The mechanic of having a player's health be represented through some other abstraction than a bar or counter is common, but doesn't really have a specific standard term. We just label it as what it is, in English: a health system without an obvious bar. There's lots of different ways you could slice it, depending on the specific aspect of it you're trying to convey as important.
For example, if the important thing is that there's no easy-to-read discrete indicator of your health as a percentage or value, you may say it's an "opaque" or "obscured" health by system.
If the important thing is the visual effect you replace the discrete readout with, you might come up with a visceral name like "blood barrel" (which, I have to say, is not a term I've ever heard before for the concept in the industry).
If you think the important thing is to be going for "realism" (questionable) by making it hard to tell precisely how close one is to death, you might call it a "realistic" health system.
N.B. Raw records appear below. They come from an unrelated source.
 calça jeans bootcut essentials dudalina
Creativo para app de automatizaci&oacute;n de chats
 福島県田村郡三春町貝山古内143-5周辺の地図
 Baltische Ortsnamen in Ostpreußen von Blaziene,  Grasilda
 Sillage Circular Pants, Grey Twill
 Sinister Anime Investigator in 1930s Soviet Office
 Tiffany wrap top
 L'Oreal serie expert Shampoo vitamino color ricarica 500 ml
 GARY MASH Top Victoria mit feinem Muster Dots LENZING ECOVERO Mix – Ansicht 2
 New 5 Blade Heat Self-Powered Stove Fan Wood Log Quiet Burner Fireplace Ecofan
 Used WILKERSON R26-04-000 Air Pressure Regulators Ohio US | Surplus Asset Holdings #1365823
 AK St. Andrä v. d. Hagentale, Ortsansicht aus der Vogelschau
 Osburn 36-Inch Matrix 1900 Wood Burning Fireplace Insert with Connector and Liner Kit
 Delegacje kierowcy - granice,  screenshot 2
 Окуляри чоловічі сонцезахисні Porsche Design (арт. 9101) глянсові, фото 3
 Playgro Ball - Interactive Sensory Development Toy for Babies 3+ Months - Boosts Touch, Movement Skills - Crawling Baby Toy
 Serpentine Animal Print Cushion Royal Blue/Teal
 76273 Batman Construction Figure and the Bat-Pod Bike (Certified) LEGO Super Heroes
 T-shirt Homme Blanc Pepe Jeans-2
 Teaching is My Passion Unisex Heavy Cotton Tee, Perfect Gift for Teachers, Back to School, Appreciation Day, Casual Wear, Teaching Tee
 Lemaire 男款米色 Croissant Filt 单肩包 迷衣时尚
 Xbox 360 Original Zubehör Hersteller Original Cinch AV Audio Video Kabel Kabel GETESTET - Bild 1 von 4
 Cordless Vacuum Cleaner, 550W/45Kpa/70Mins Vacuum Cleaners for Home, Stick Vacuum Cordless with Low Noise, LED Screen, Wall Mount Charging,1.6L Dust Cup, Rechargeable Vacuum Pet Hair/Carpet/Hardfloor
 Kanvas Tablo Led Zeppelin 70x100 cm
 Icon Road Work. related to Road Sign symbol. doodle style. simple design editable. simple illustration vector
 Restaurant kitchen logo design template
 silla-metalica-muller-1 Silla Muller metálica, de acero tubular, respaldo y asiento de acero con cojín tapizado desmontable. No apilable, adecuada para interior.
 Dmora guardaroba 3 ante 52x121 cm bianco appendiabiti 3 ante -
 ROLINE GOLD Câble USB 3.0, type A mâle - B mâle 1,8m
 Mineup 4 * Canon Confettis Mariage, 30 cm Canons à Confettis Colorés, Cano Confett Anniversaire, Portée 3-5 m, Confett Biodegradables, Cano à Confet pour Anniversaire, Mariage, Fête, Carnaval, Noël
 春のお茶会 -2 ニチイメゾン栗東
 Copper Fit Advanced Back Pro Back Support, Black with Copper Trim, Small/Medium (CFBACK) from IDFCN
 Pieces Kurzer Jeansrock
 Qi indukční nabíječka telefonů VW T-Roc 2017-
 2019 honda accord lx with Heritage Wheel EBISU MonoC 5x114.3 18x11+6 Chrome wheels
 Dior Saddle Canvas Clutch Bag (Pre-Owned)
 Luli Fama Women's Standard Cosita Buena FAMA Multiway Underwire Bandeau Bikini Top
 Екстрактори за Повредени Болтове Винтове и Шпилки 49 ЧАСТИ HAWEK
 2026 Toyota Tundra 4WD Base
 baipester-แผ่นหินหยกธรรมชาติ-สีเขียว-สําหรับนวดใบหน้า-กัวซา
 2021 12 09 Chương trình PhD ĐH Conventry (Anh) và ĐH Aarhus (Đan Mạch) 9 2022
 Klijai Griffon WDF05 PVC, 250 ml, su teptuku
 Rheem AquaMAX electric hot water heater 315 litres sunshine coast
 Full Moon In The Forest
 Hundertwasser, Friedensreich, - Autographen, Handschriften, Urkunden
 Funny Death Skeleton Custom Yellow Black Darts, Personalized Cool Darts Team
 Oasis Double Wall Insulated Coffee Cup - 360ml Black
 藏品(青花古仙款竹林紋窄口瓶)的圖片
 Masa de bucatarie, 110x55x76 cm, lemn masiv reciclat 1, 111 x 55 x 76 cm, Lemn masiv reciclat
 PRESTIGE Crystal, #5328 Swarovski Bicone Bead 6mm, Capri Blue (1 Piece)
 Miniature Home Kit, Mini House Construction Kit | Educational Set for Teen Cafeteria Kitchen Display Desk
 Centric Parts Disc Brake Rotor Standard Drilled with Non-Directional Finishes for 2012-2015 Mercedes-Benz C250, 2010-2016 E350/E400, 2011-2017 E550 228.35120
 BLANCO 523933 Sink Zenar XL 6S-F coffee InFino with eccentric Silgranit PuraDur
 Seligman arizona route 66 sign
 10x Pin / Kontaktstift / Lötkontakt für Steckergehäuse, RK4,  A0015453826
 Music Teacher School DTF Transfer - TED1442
Generally the importance is probably with the "no UI" aspect, so you'll most often find variations on that theme. "Distraction-free," "in-world," "UI-less," "immersive" (also questionable, as your eyes are not a camera lens as they are in that screenshot). And so on.
To address some comments:
Isn't the most important aspect of this system the fact that there are
no medkits or health packs to pick up?
Based on the original text of the question, no, because a system where health can't be restored by consumables is orthogonal from one where the feedback about your current health state is communicated without discrete bars or graphs, as in the screenshot and descriptions posted by the OP.
Similarly,
this type of health system is well (perhaps even universally) known
as "regenerating health".
Yes, a system where your health regenerates is fairly universally known as a "regenerating health" system, but that doesn't appear to be what the asker is talking about. The description and screenshot illustrates the mechanic where blood smears (or similar fuzzy metrics) convey how close the player is to death, and don't speak of regeneration specifically (just healing, which is more general).